14756 | ** Quantum Field Theory II**

Montag 12:00 bis 13.30, Seminarraum 0.01 Neubau

Mittwoch 08.00 bis 9.30, Seminarraum 0.01 Neubau

Ausnahme Mittwoch 11.10.: Konferenzraum alte Theorie

Übung Donnerstag 12.00 bis 13.30 (Seminarraum 0.01 Neubau)

Primary Areas of Specialization: GR/QFT

Tutors:

Dr. Alessio Chiocchetta (achiocch [at] thp.uni-koeln [dot] de)

Dr. Steven Mathey (smathey [at] thp.uni-koeln [dot] de)

This course extends the introduction to quantum field theory from the viewpoint of condensed matter physics, focusing on collective phenomena.

Topics include:

- Quantum condensation and spontaneous symmetry breaking: weakly interacting bosons, condensation vs. superfluidity vs. off-diagonal order, Goldstone and Mermin-Wagner theorems; weakly interacting fermions and
BCS mechanism, BCS-BEC Crossover, Hubbard-Stratonovich transformation; quantum phase transition and functional integral for the Bose-Hubbard lattice model.

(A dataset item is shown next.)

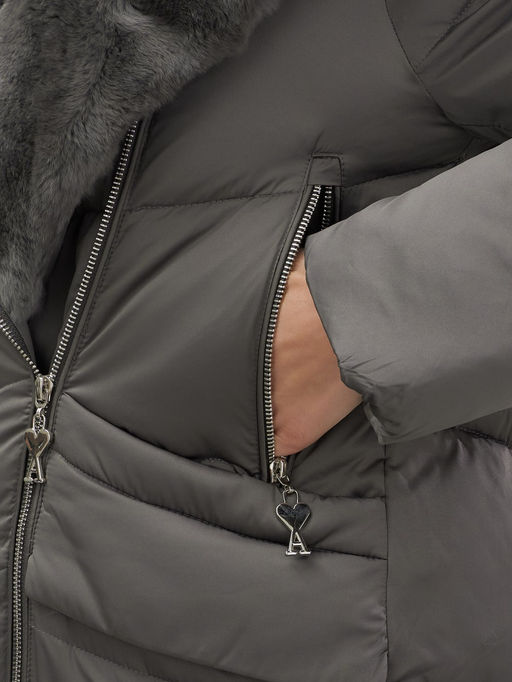 Двубортное пальто зимнее утепленное с мехомБренд: Visdeer  фото 13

- Gauge theories: real-time linear response to electromagnetic fields; superconductors: Meissner effect and Anderson-Higgs mechanism; insulators: Hall conductivity and Chern-Simons action; Ising lattice gauge theories and Elitzur's theorem; functional integral quantization of gauge theories.

- Renormalization group: universality and scaling hypothesis; RG transformations in real and momentum space; Wilson-Fisher Fixed point, epsilon expansion; functional RG.

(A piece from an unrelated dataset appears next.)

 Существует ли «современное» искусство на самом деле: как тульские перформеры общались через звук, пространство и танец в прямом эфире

- Topological phase transitions: classical XY model, electrostatic duality, vortex defects; Kosterlitz-Thouless transition via real space RG; relation to Sine-Gordon field theory; quantum XY model: electrodynamic duality and phase structure in various dimensions.

*Literature:*

A. Altland, B. Simons, “Condensed Matter Field Theory”, Cambridge University Press (2010) – Broad compendium on both physics and techniques.

J. Negele, H. Orland, "Quantum Many-Particle Systems", Advanced Books Classics (1998) – Functional integrals, many-body techniques.

A. Zee, "Quantum Field Theory in a Nutshell”, Princeton University Press (2010) – Gentle and conceptual introduction.

X.-G. Wen, "Quantum Field theory of Many-Body Systems”, Oxford Graduate Texts – Another gentle and conceptual introduction with focus on gauge theories.

S. Sachdev, "Quantum Phase Transitions", Cambridge University Press (2011) – Overview of paradigmatic quantum models and their physics.

M. Peskin, D. Schoeder, “An Introduction to Quantum Field Theory”, Frontiers in Physics (1995) – High energy perspective.